■ THE DATA:
■ ■ ■ ■ ■
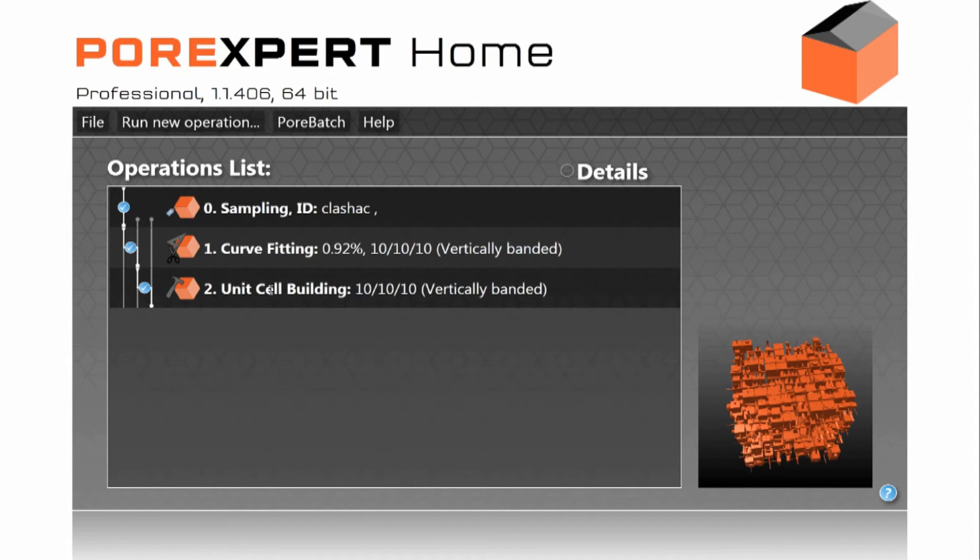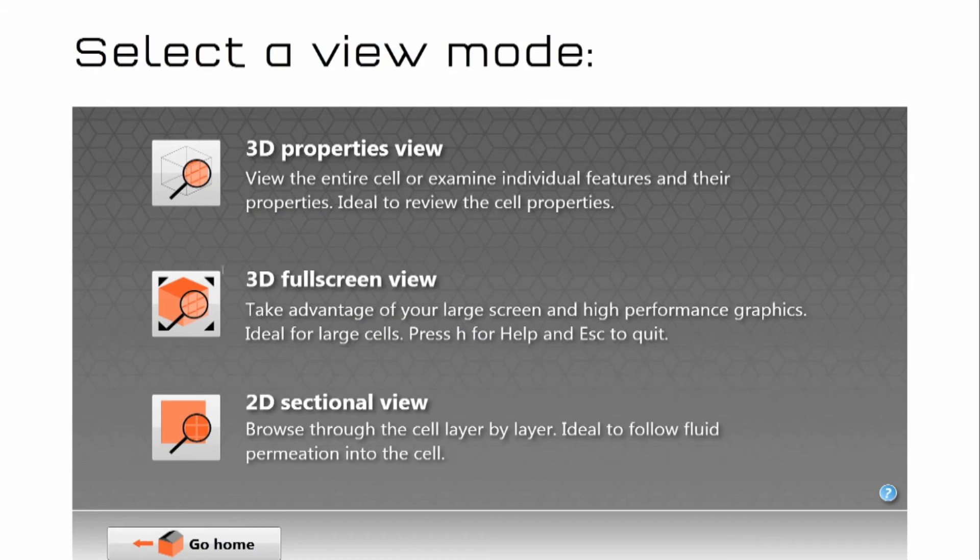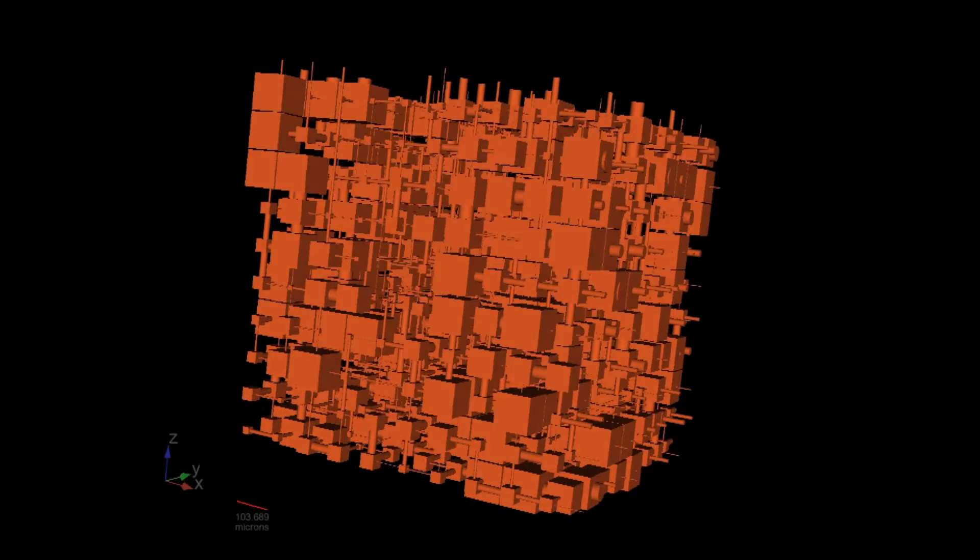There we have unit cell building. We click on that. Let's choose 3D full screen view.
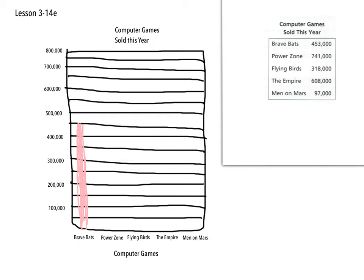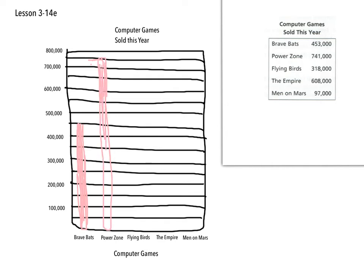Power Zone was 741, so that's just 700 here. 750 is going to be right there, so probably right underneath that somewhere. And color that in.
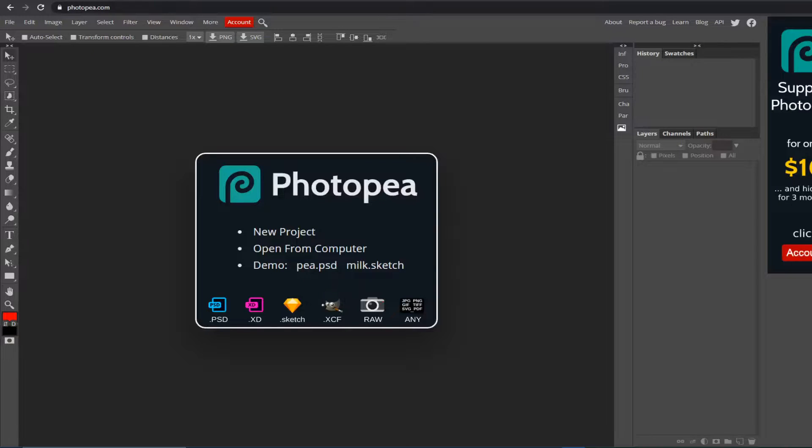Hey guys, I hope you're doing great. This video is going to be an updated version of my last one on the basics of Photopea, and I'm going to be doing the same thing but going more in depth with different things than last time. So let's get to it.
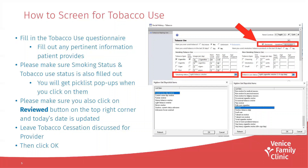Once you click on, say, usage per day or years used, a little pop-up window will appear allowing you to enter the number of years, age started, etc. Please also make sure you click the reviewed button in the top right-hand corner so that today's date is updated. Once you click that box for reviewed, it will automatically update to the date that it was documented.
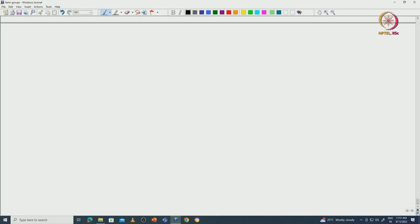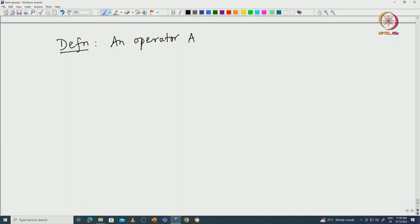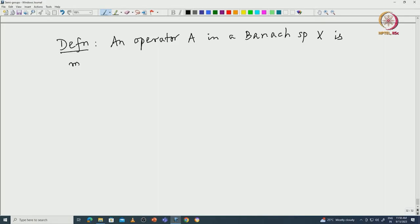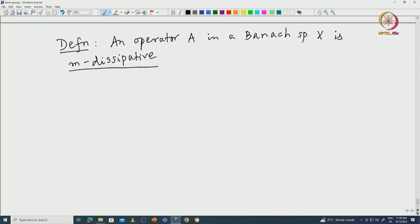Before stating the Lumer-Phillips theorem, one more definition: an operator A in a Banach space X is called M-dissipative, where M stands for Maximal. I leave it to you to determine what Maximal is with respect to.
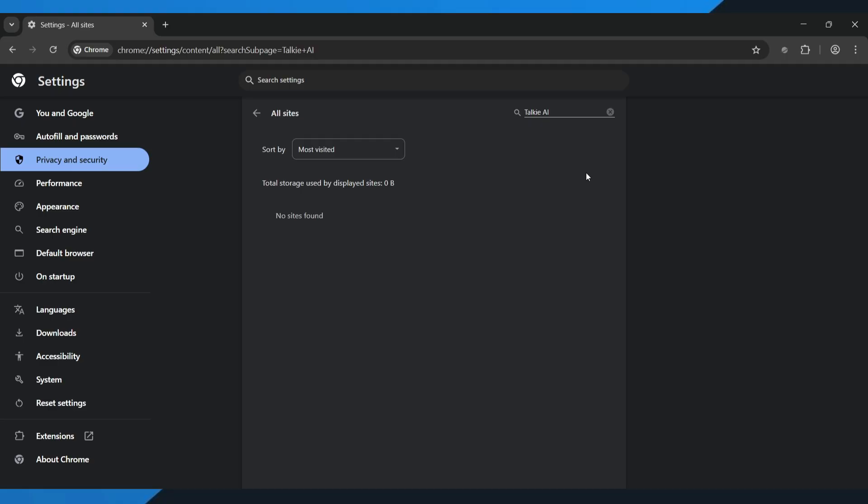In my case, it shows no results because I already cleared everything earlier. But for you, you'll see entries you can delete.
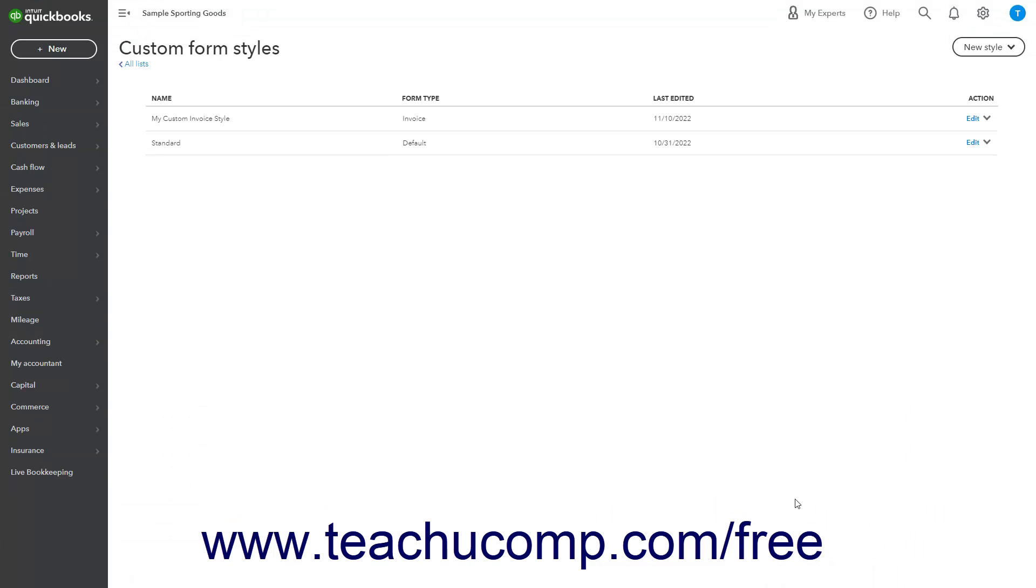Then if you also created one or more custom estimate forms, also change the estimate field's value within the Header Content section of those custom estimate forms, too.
■ ■ ■ ■ ■
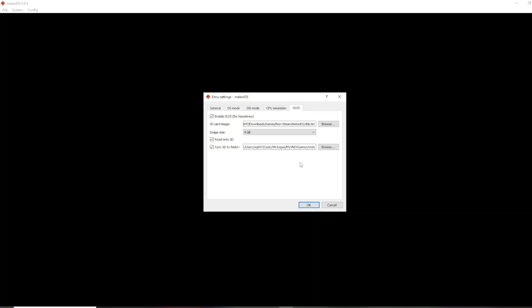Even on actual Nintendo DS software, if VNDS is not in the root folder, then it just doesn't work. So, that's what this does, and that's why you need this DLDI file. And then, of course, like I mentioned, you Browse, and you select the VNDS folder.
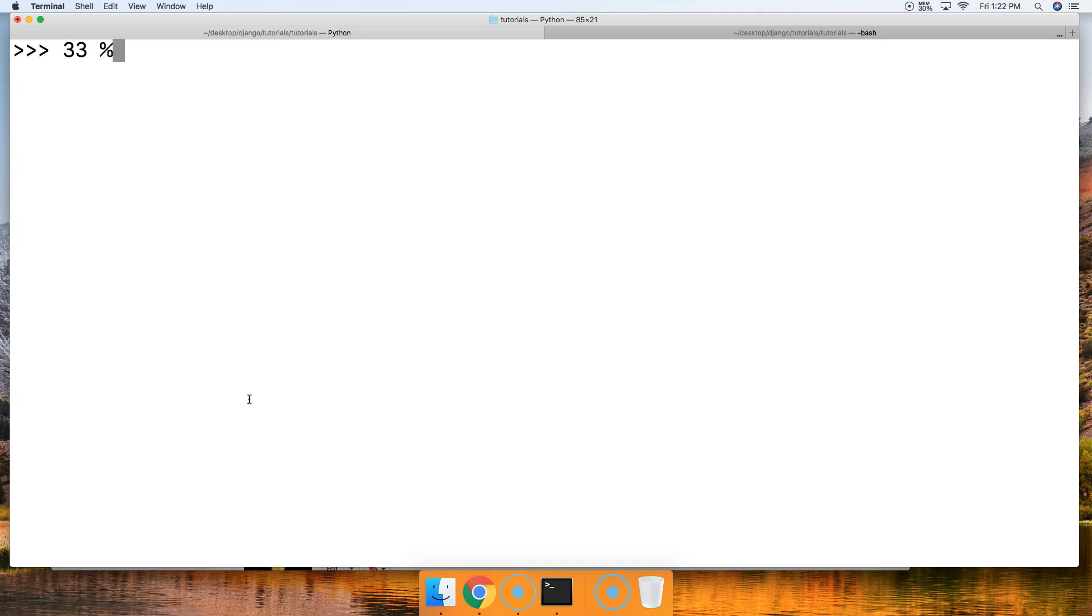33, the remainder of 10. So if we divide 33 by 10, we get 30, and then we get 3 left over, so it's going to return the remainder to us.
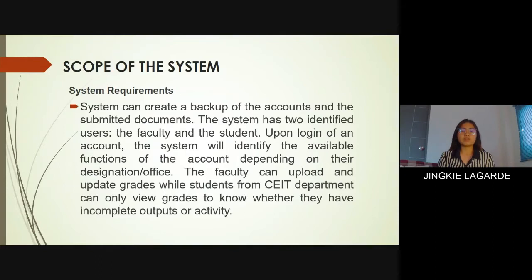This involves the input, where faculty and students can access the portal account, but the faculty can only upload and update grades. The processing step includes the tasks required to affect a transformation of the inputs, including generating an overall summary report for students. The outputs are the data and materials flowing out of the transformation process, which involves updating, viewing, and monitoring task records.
■ ■ ■ ■ ■
■ WORK TO COMPLETE: Quote the data above exactly from the line with "Once you click on, say, usage" to the line with "Then if you", both ends counted, and nothing else. Pictures don't go in.

■ OUTPUT:
Once you click on, say, usage per day or years used, a little pop-up window will appear allowing you to enter the number of years, age started, etc. Please also make sure you click the reviewed button in the top right-hand corner so that today's date is updated. Once you click that box for reviewed, it will automatically update to the date that it was documented.
Before stating the Lumer-Phillips theorem, one more definition: an operator A in a Banach space X is called M-dissipative, where M stands for Maximal. I leave it to you to determine what Maximal is with respect to.
In my case, it shows no results because I already cleared everything earlier. But for you, you'll see entries you can delete.
Then if you also created one or more custom estimate forms, also change the estimate field's value within the Header Content section of those custom estimate forms, too.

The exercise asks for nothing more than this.